**Exercise directions**. Could you repeat exactly the lines below, from the line containing "Polished Aventurine Quartz" through the last one, both included, while leaving out any pictures?

**Supplied records**.

*** Begin section ***

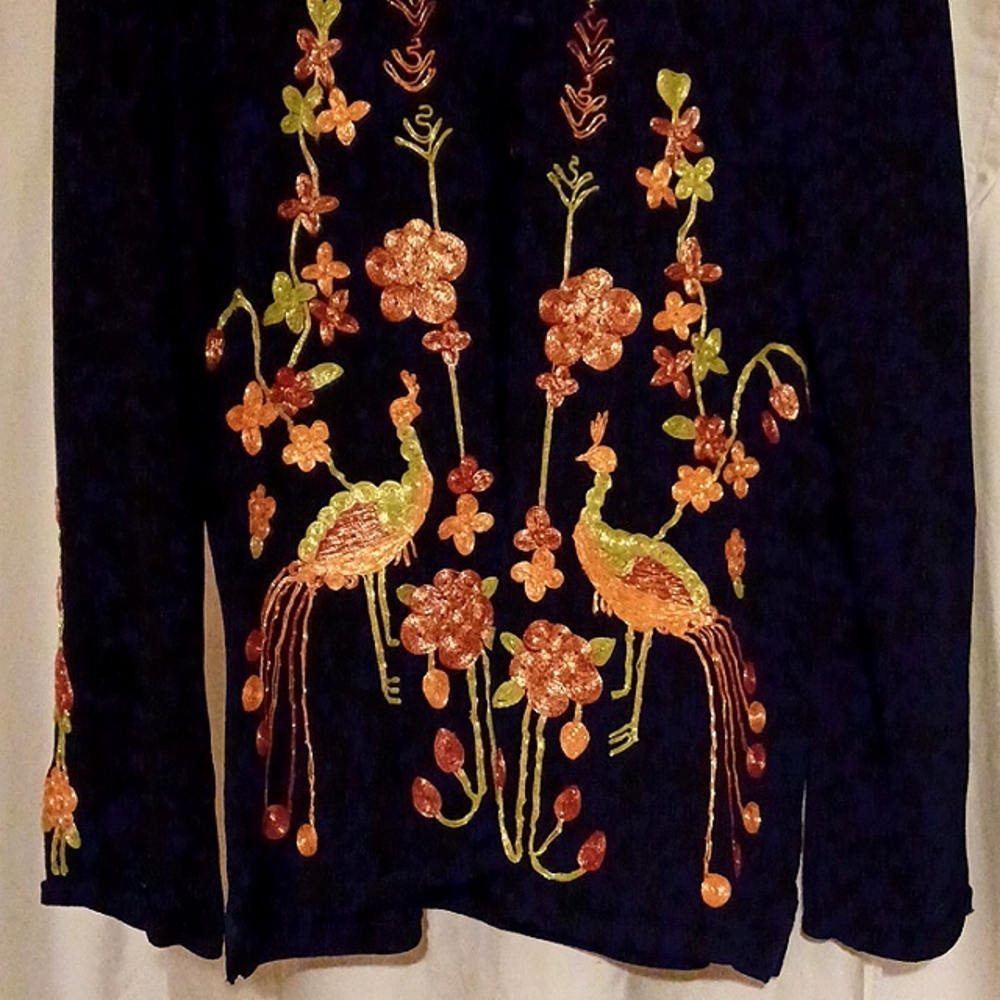 Ballinger Gold size S black sweater with stunning peacock and embroidery decor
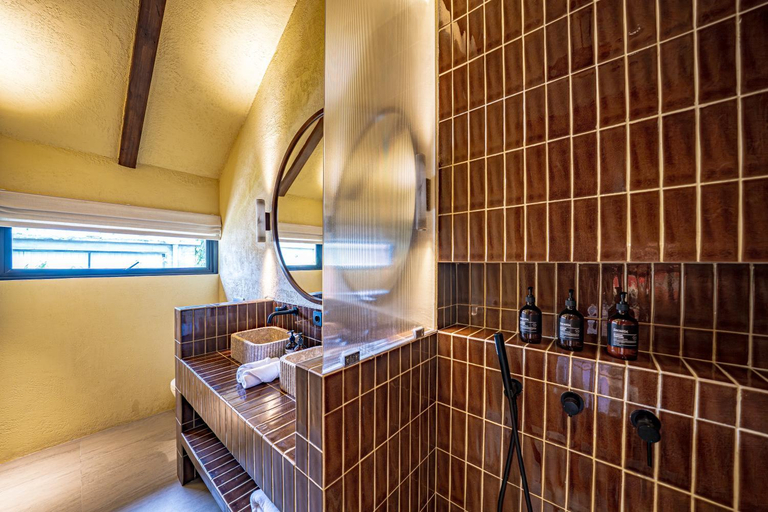 Bathroom 4, Villa Mir Batu Uluwatu, Badung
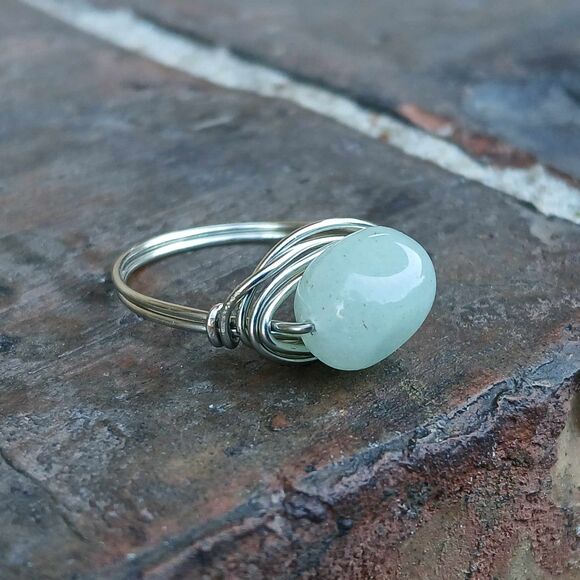 Polished Aventurine Quartz Crystal Beaded Ring, Wire Wrapped, Silver, Size 9 - Picture 2 of 3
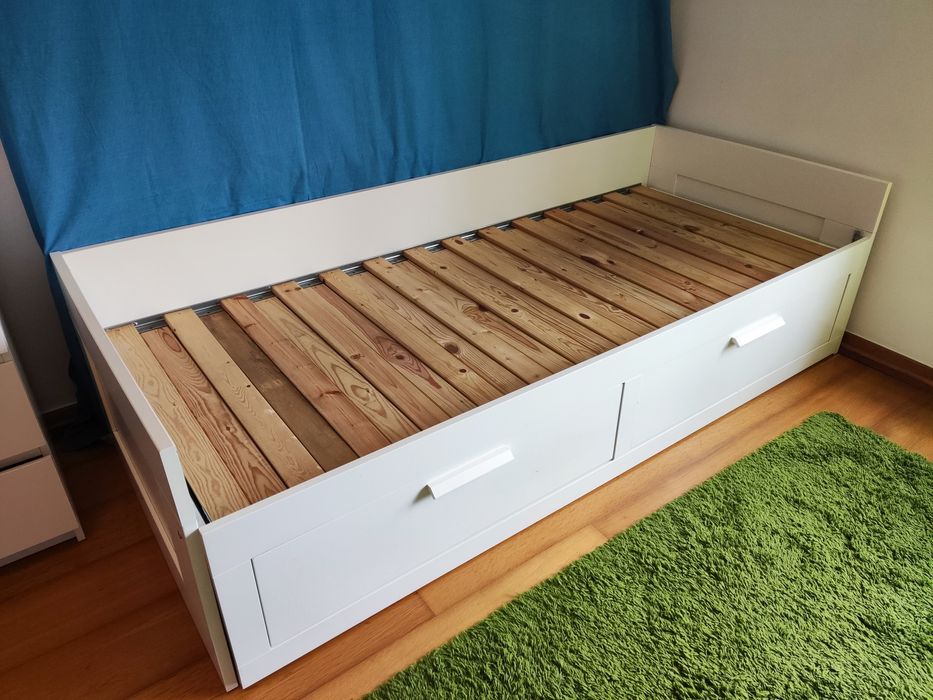 Cama IKEA  Brimnes Extensível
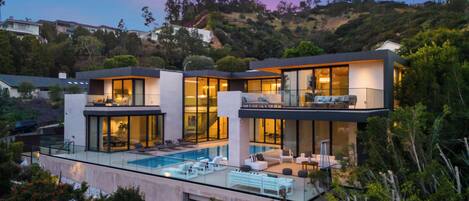 Villa (Multiple Bedrooms) | Exterior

*** End section ***

**Solved problem**.
 Polished Aventurine Quartz Crystal Beaded Ring, Wire Wrapped, Silver, Size 9 - Picture 2 of 3
 Cama IKEA  Brimnes Extensível
 Villa (Multiple Bedrooms) | Exterior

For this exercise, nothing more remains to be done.